Irgendwann fand ich meine Geschwindigkeit wieder und entdeckte ein Gedicht, dass der deutschstämmige Anwalt Max Ehrmann 1927 in den USA verfasst haben soll. Es heißt Desiderata und formuliert schlichte Lebenssätze, die gleichsam für Gläubige und Ungläubige gelten:

„Therefore be at peace with God, whatever you conceive Him to be.“

Antworten auf große Fragen fallen seit der Moderne bekanntlich nicht mehr einfach vom Himmel. Und so schwingt bei dem Satz auch gleich die Befürchtung mit, dass einige Menschen die starke Empfindung haben, mehr im Frieden mit Gott zu sein als andere. Vielleicht sollte man sich dafür einsetzen, den Komparativ für friedlich abzuschaffen. Friedlich ist doch voll und ganz genug. Meinen Sie nicht auch?
 
Beim kürzlichen Verstreichen der 8. Kalenderwoche wurde feuilletontauglich daran erinnert, dass der Ausdruck 08/15 dem Militärjargon entstammt und einen Maschinengewehrtyp aus dem 1. Weltkrieg bezeichnete. Die schnell überholte Waffentechnik wurde dann auch zum sprichwörtlich zivilen Standard im deutschen Sprachraum. Es ist doch interessant welche Begriffe ins kulturelle Gedächtnis eingehen und unhinterfragt weiterleben. Konsequent ins Futur übersetzt müsste also die Frage lauten: Welche Standards werden wohl in den kommenden Generationen mit der dauerpräsenten Kalaschnikow AK-47 gesetzt werden?
  
Michael Krüger, der Hanser-Verleger a. D., hat in einem Fernsehinterview vorgeschlagen, vor jeder Bundestagsdebatte ein Gedicht lesen zu lassen. Wenn ich sein Anliegen richtig verstanden habe, ginge es ihm nicht darum, inhaltlich einzuwirken sondern für einen kurzen Moment die Aufmerksamkeit darauf zu lenken, sorgsam mit der Sprache umzugehen. Ohne die Kommentare der meisten Abgeordneten dazu jemals hören zu wollen, würde ich eine solche Petition sofort unterschreiben. Schlimmer wird’s nimmer. 
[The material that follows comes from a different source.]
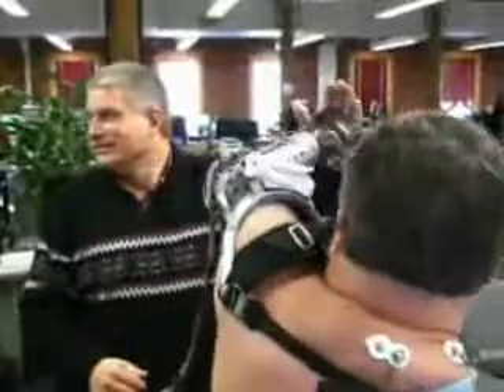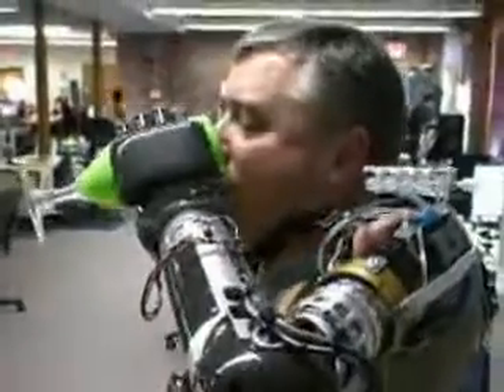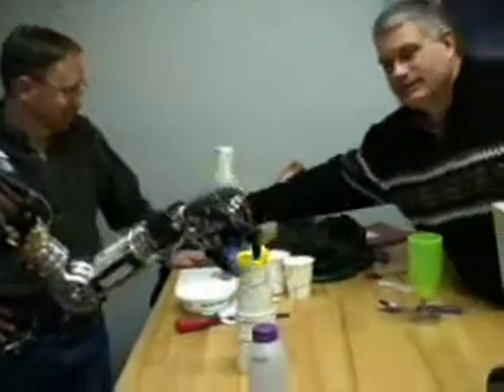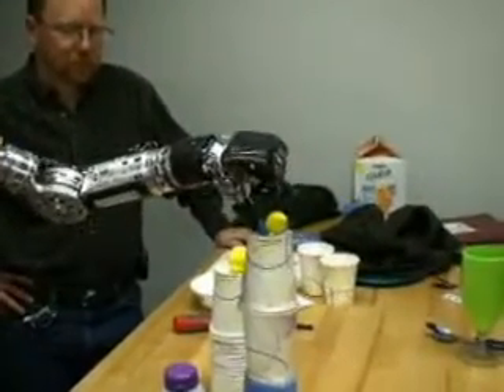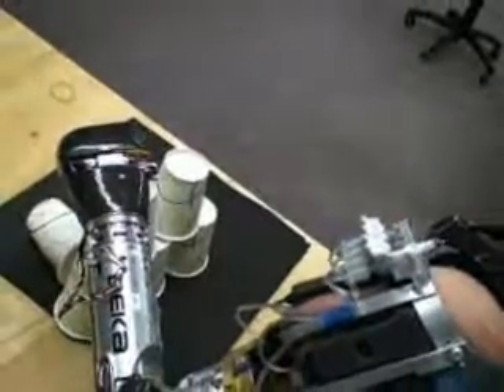The Luke arm also had to be agile enough to do exactly what the human arm can do. So far, the task pilots within a matter of 5 to 10 hours of practice can operate the arm such that they can pick up small objects or stack cups. They can eat grapes.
In dieser Stimmungslage ließ ich mich wieder leichter affizieren von Arno Schmidt´schen Wendungen wie:„(…) ich sagte nachtwindleise in ein Ohr (…)“.

Allmählich kehrte nun auch mein Gespür zurück, wofür das künstlerische Schaffen seinen Platz inmitten des brutalen Wahnsinns beansprucht. Es beruhigt meine strapazierten Nerven. Serenaden zu Sirenen. Ob man jemals behaupten wird, die Kulturarbeit hätte zu einer besseren Welt beigetragen, sei dahingestellt. Fest steht doch, dass sie einem die Hoffnung  vermitteln kann, dass es ginge. Ich legte mir ohne schlechtes Gewissen den sentimentalen Standard „Stardust“ von Hoagy Carmichael im Original auf. The melody haunts my reverie. Ein Abgesang ohne Bitterkeit will im Ernstfall gelernt sein. 
   
Ebenso wie ein Aufgalopp zu neuen Erfahrungen. Ich kann mir noch nicht vorstellen, dass Sie ernsthaft in Erwägung ziehen, eine hippe Dichterlesung zu besuchen. Falls doch, durchwühle ich den Berliner Kulturkalender und biete Ihnen gerne meine Gesellschaft an. Kommen Sie mich besuchen, alter Freund! Auch Übersetzen macht nicht jünger.

Herzliche Grüße aus der Großstadt
Ihr Altobelli

PS: Beigefügt erhalten Sie eine Illustration der Berliner Künstlerin Larisa Lauber. Sie hat sich bereit erklärt, meinen Brief um eine wunderbare Dimension zu erweitern.